> **Work instruction**
Leaving pictures aside, restate exactly the lines of the data below, from the first one through the line that contains "Hvid Audi Q4 fra 2023".

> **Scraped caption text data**

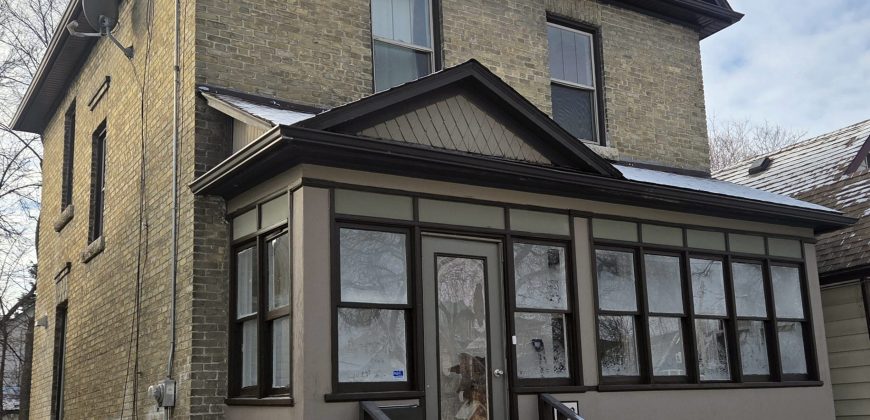 422 Burrows Ave, Winnipeg | 1676 sq ft 6-Bedroom Home for Sale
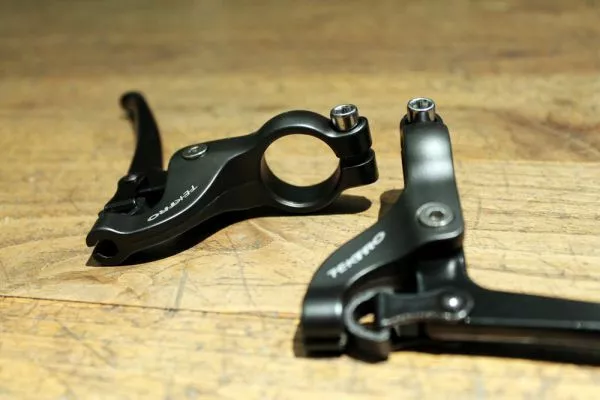 Tektro FL-750 Bremshebel-Set 22,2mm 5 Tektro FL-750 Bremshebel-Set 22,2mm – Bild 3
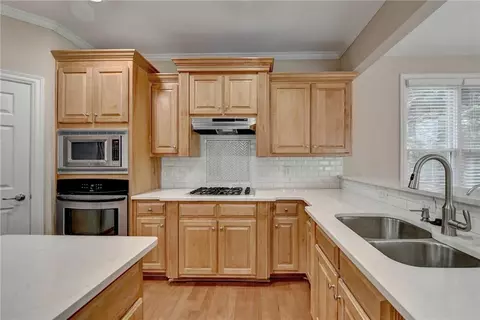 Kitchen - 5560 Viewpoint Ct, Suwanee, GA 30024 photo 6 of 10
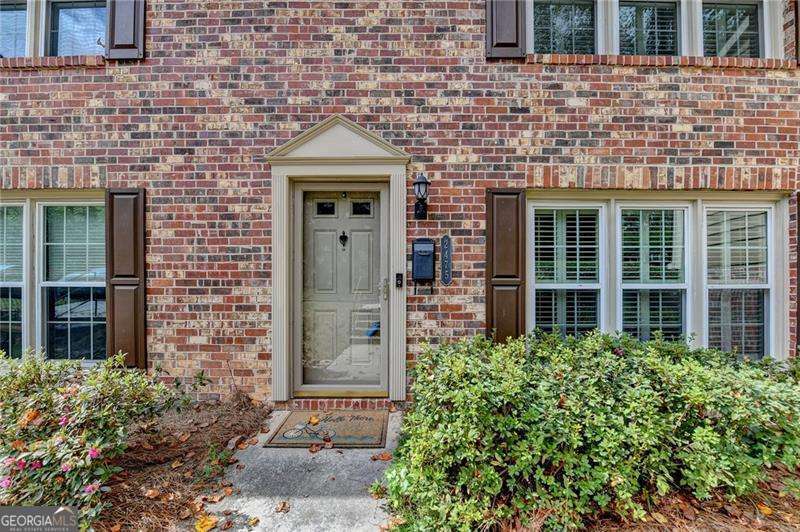 2475 Northlake CT NE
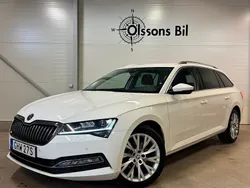 Vit Begagnad 2020 Skoda Superb Kombi | 269 800 kr (Marknadspris)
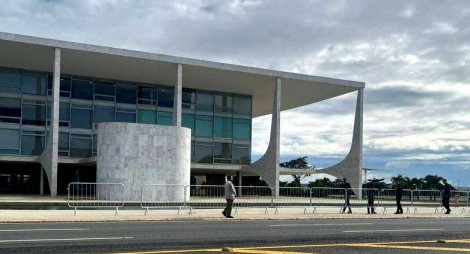 Lula manda cercar o Palácio do Planalto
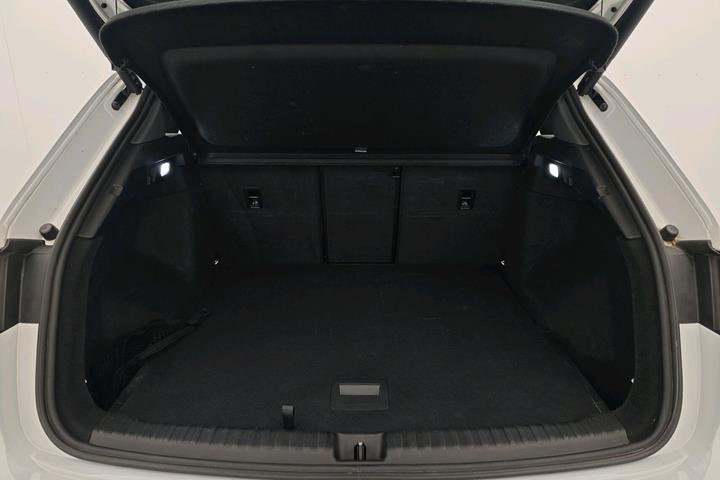 Hvid Audi Q4 fra 2023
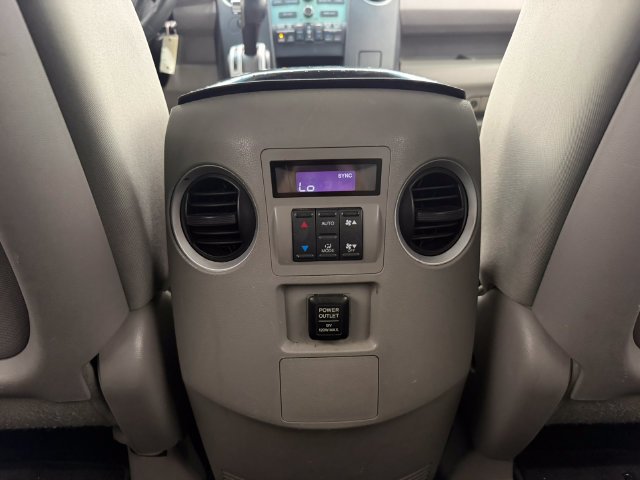Used 2010 Alabaster Silver Metallic Honda EX image 31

> **Response to this task**
 422 Burrows Ave, Winnipeg | 1676 sq ft 6-Bedroom Home for Sale
 Tektro FL-750 Bremshebel-Set 22,2mm 5 Tektro FL-750 Bremshebel-Set 22,2mm – Bild 3
 Kitchen - 5560 Viewpoint Ct, Suwanee, GA 30024 photo 6 of 10
 2475 Northlake CT NE
 Vit Begagnad 2020 Skoda Superb Kombi | 269 800 kr (Marknadspris)
 Lula manda cercar o Palácio do Planalto
 Hvid Audi Q4 fra 2023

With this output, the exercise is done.